Figure 3. Untranslated CAG repeats induce progressive neural dysfunction

a, Constructs with untranslated CAG repeats within the 3' UTR of a transgene encoding a control protein DsRed. b-e, Flies expressing untranslated CAG repeats show neuronal degeneration. (b, c) Flies expressing CAG₁₀₀ in the eye with gmr-GAL4 showed loss of retinal integrity (arrows). Paraffin sections of 1d flies, genotypes: (b) gmr-GAL4/ UAS-CAG₁₀₀ (4x), (c) gmr-GAL4/ UAS-CAG₀. (d, e) Flies expressing CAG₁₀₀ showed progressive brain degeneration with vacuoles in the brain (arrows). Paraffin sections of 35d flies, genotypes: (c) elav-GAL4/UAS-CAG₁₀₀ (5x) and (e) elav-GAL4/UAS-CAG₀. Bar in b, 5 μm for b, c. Bar in d, 10 μm for d, e. f-g, Expression of untranslated CAG repeats induces length-dependent, progressive neural dysfunction. (f) Neurotoxicity by lifespan analysis. Flies expressing untranslated CAG repeats show length-dependent reduced lifespan. Differences in lifespan of flies expressing CAG₀, CAG₁₀₀, and CAG₂₅₀, and CAG₂₅₀/mblA are significantly different at P<0.001 (log-rank analysis).

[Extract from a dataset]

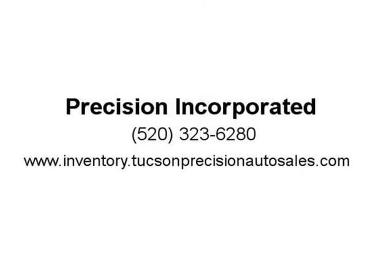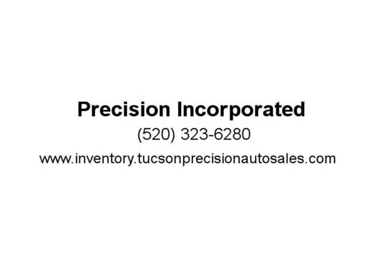The value of the reconditioning services for this vehicle exceeds $3,000. Visit us at inventory.tucsonprecisionautosales.com. Thank you.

Mean ± SD, n= 250, 260, 300, 100 flies, respectively. elav-GAL4 in trans to (CAG₀) UAS-CAG₀, (CAG₁₀₀) UAS-CAG₁₀₀ (five UAS-trangenes were combined to match the RNA expression level to that of SCA3trQ78(s)_CAG), (CAG₂₅₀) UAS-CAG₂₅₀. (g) Climbing ability with age. Flies expressing CAG₀ showed normal climbing defects with age (* P<0.05). Flies expressing CAG₁₀₀ had mild climbing defects at 20d, which strikingly degenerated by 35d (*** P<0.001 compared to 1d; ** P<0.01 compared to 35d CAG₀). CAG₂₅₀ flies had moderate climbing defects at 1d, which were strikingly worse by 20d (* P<0.05). Mean ± SD, 100-200 flies per time point for each genotype in each experiment, two-way ANOVA. Genotypes as in (f).